2. New York City’s Public Swimming Pools

To understand the importance of the city’s network of public swimming pools, it’s essential to look back at the history of baths as a public health initiative in New York City. The public bathhouse and floating baths in the city’s rivers, initiatives during the City Beautiful movement when indoor plumbing was still a luxury, firmly established the government’s role in providing places to bathe and swim.

In the 1930s and ’40s, the Department of Parks in New York City was given jurisdiction over city bathhouses and the agency “harnessed Works Progress Administration labor to develop a series of outdoor pools for the city,” describes the New York City Department of Parks & Recreation today.

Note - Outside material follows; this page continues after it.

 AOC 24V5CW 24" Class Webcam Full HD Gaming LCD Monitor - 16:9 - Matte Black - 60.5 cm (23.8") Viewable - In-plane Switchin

In 1936, 11 pools were opened by Robert Moses, Parks Commissioner, and Mayor Fiorello LaGuardia. In total, Moses oversaw the construction and opening of 23 public pools and bathhouses. Some of the WPA-era pools and accompanying buildings are landmarks, including the Art Moderne-style Tompkinsville Pool Bath House in Staten Island and the Sunset Play Center Bathhouse in Sunset Park, Brooklyn. Others, including the Astoria Pool, the largest in New York City, are not landmarked but are noted for their cutting edge design. The Astoria Pool, with a backdrop of Moses’ cash cow creation, the Triborough Bridge, is an Olympic-standard size pool that can fit 3000 people.